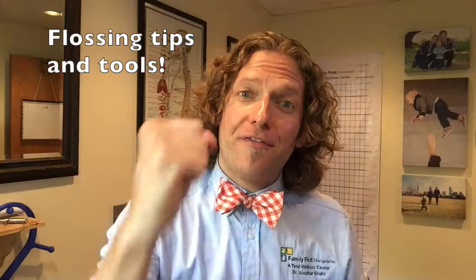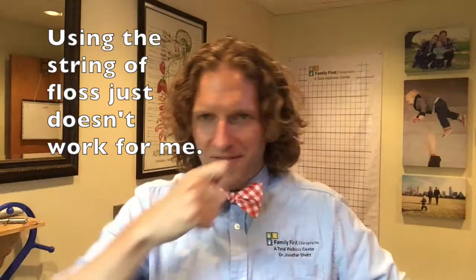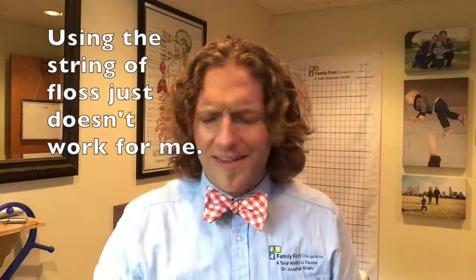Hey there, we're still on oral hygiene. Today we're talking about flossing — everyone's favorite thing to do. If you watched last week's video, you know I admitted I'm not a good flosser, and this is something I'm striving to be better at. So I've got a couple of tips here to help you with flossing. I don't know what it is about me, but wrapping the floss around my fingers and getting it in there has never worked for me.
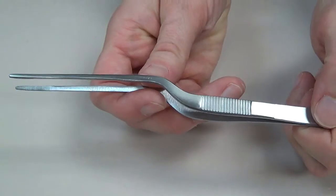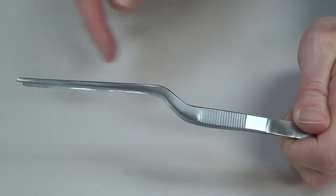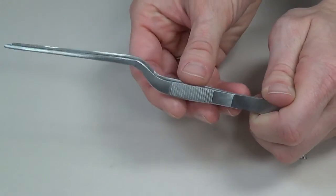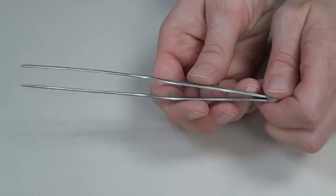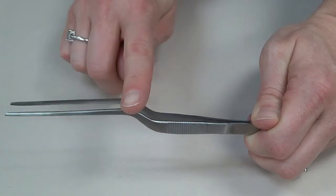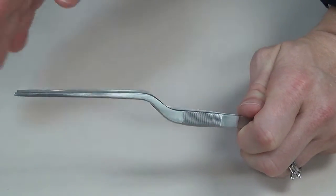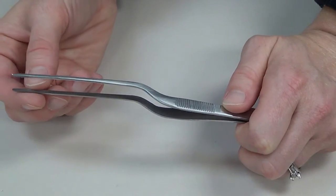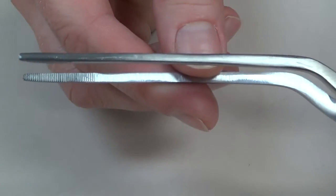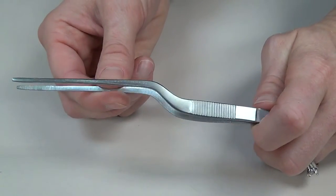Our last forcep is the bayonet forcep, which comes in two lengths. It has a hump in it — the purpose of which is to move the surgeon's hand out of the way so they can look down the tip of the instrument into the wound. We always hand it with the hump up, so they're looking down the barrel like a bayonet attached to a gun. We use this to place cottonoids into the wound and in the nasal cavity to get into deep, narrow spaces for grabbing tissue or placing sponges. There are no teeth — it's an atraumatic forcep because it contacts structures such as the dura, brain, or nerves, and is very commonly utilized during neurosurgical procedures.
* * *
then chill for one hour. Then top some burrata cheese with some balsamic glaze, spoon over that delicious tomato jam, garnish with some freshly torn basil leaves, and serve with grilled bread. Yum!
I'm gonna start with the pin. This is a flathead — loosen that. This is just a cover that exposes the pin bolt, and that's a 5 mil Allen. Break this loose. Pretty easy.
* * *
_EXERCISE INSTRUCTIONS_. Look for the word "that" in the listing above, and copy every line where you find it.

_EXERCISE OUTPUT_.
then chill for one hour. Then top some burrata cheese with some balsamic glaze, spoon over that delicious tomato jam, garnish with some freshly torn basil leaves, and serve with grilled bread. Yum!
I'm gonna start with the pin. This is a flathead — loosen that. This is just a cover that exposes the pin bolt, and that's a 5 mil Allen. Break this loose. Pretty easy.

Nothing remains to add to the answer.